The winter, while atypically warm, has been typically dry. This dryness (we haven’t seen as much as a cloud in two weeks) leads to dusty, dirty air. Winds bring sand from the Kalahari Desert and the abundance of diesel fumes hang in the air like a thick brown blanket. Sunrise best showcases the unnatural pollutants in the air. Beams of sunlight are trapped by brown haze, and a foggy mess hangs in between the great hills of the city. The skyline rises up out of the ashes, seemingly growing taller in order to reach the fresh air above.

The air flows in through my nose, irritating every bronchiole. The altitude (6000 feet above sea level) can steal one’s breath quickly. The pollution simply complicates the issue. Stef and I both have shallow coughs at the moment, our bodies reacting to the uninvited particulates that invade our every inhalation.

Also into the nose comes the smell of urban Africa. As it is winter, the scent of burning rubbish hangs loosely in the air. Every evening, the homeless and the unfortunate millions with tin shacks to sleep in gather around fire, for light and heat. Today, the smell of the nearby squatter camps is faint, barely noticeable. Maybe the wind has changed direction. The smell of all sorts of trees is strong as well and even the red dust that clouds the air has an odor. It is difficult to describe, but it seems to have been cross-pollinated with the diesel fumes. It can almost be tasted.

Every so often, one can smell a cheeseburger on the wind. This is not the fantasy of a homesick American. It is, rather, globalization at work. Within a stones throw of the Mission House is McDonalds. And the Big Mac tastes exactly the same. As if that weren’t enough, KFC lies across the street from there, frying up finger-licking good chicken just like the Colonel would have made it.

I would be able to see both restaurants from my vantage point on the balcony if not for Campus Square, a relatively new, relatively nice shopping center across the way. It features about 30 shops (banks, restaurants, a grocery store, and drug store) and it is emblazoned with advertisements on it’s otherwise blank back wall. I am confronted by a two-story, black-and-white Virgin Cosmetics advert. In Africa, there are very few places where an ad is not placed.

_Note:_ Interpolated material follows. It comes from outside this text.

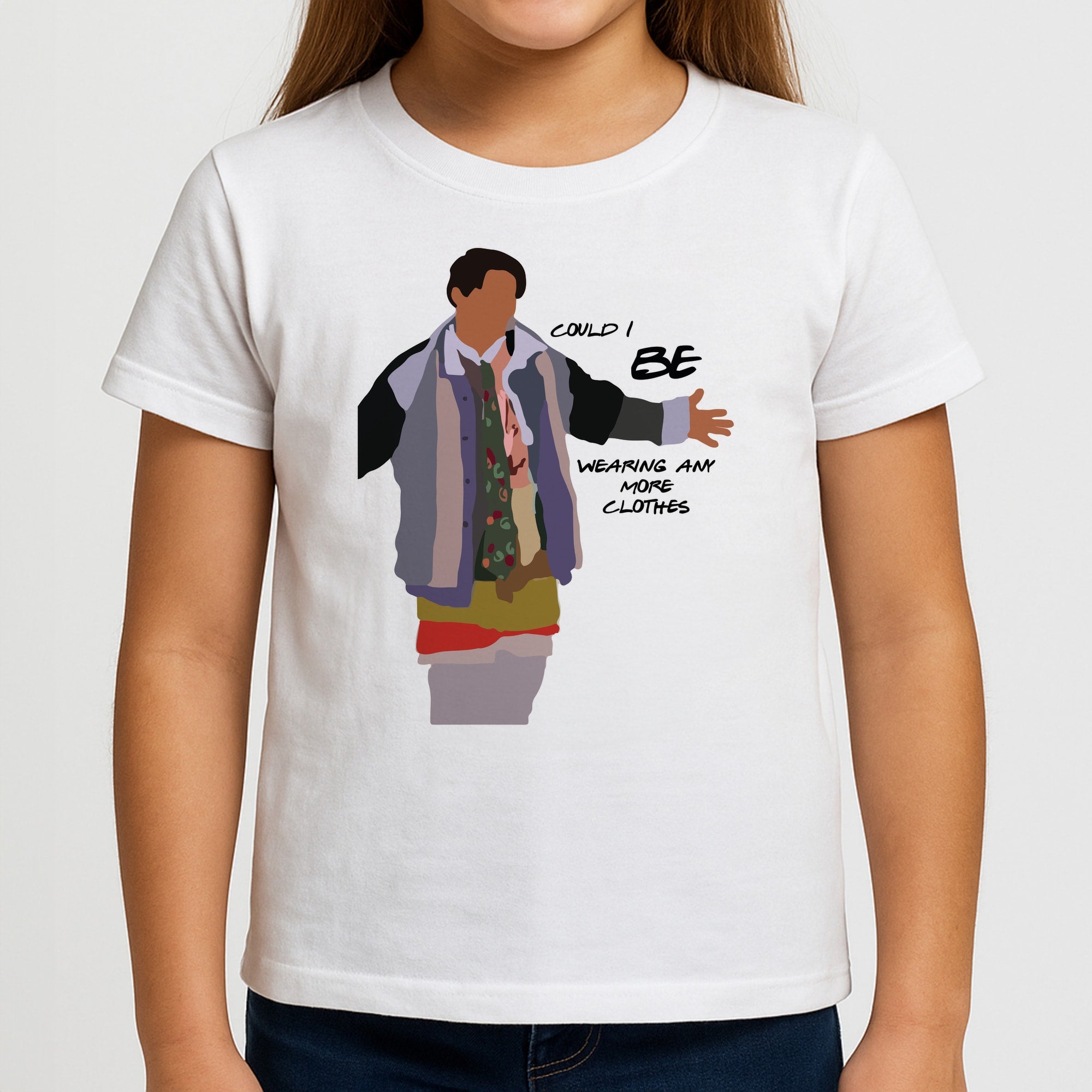 Could I Be Wearing Any More Clothes Kids T-Shirt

It makes American streets looked positively uncluttered. The days’ news is hung on placards on every streetlight pole available. Every bus and taxi seems to have some place to sell me soap or concert tickets or corn meal. Buildings downtown are ablaze at night, neon towers of persuasive thinking. They light up for cell phone companies and Coca-Cola. They top out the tallest structures in glowing blue, green, yellow, and red. The eyes, sore from the sight of the grimy city below, are drawn to the shimmering spires of capitalism.

I cough quietly again and consider my place here. In the shadow of 120 foot Australian Blue Gum trees that line Richmond Avenue, home address of the Mission House, I consider just how miniscule I am. The city groans despite me. The trees, they stretch higher without my help. The shopping mall is packed regardless of whether my dollar bills end up there or not. The birds sqwuak and brakes squeal. The taxis hoot for passengers and the police sirens whine for victims.

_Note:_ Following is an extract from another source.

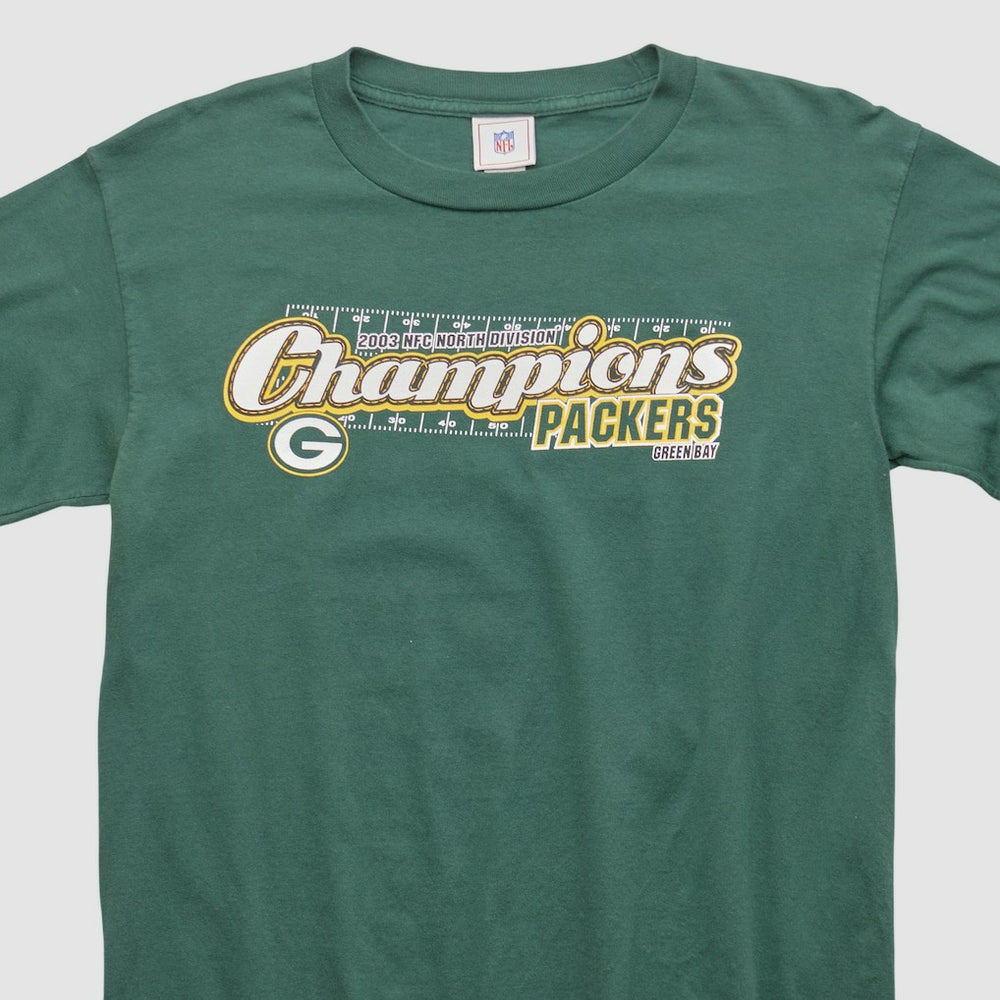 Fanatics Green Bay Packers NFL 2000s Long Sleeve T-shirt Green Vintage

In the midst of all of it, I sit on a plastic lawn chair with my feet propped up on the remnants of a once-proud office chair that has been reduced to a stump - a South African ottoman.
I am unimportant here.

I am one of how many million people - six, eight, twelve? - who call Johannesburg home. We are from America and Europe, from the Middle East and, increasingly, the rest of the decimated African continent. In the middle of all of them, I sit on the balcony, simply observing the world as it passes me by.